Abstract
Intervertebral disc (IVD) degeneration with chronic low back pain is associated with neo-vascularisation into the deeper IVD regions. During this process, endothelial cells (ECs), which are primarily responsible for angiogenesis, interact with the adjacent annulus fibrosus (AF) cells, which are the first line of defence against the invasion of vascular structures into deeper IVD regions. However, the accumulation of inflammatory and catabolic enzymes that results from this interaction promotes matrix degradation and an inflammatory response. Thus, regulating the production of these mediators and catabolic enzymes could ameliorate IVD degeneration.

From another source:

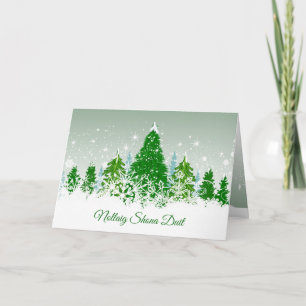Tarjeta Festiva Navidades irlandeses, abetos verdes de nieve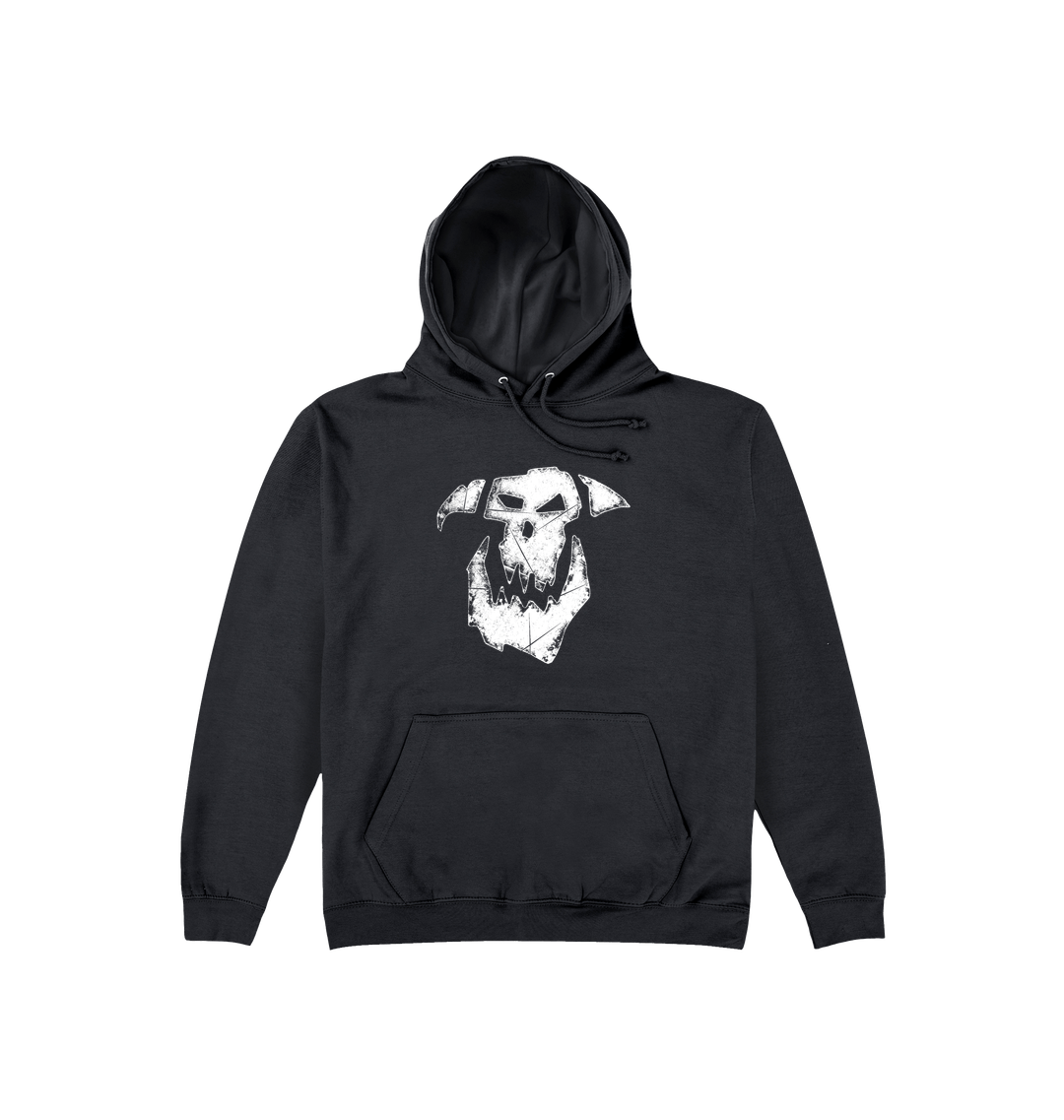 Deep Black Printed Hoody Front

Photobiomodulation (PBM) therapy is a non-invasive stimulation known to have biologically beneficial effects on wound healing, tissue repair, and inflammation. Here, we examined the effects of PBM, administered at various wavelengths (645, 525, and 465 nm) and doses (16, 32, and 64 J/cm2), on EC-stimulated human AF cells. Our results show that PBM selectively inhibited the EC-mediated production of inflammatory mediators, catabolic enzymes, and neurotrophins by human AF cells in a dose- and wavelength-dependent manner. These results suggest that PBM could be a superior and advanced treatment strategy for IVD degeneration.
Highlights
Intervertebral disc (IVD) degeneration with chronic low back pain is associated with neo-vascularisation into the deeper IVD regions
AF cells exposed to ECCM (AFM), human annulus fibrosus (AF) cells cultured in EC-conditioned medium (ECCM); NC, negative control (Naïve AF cells)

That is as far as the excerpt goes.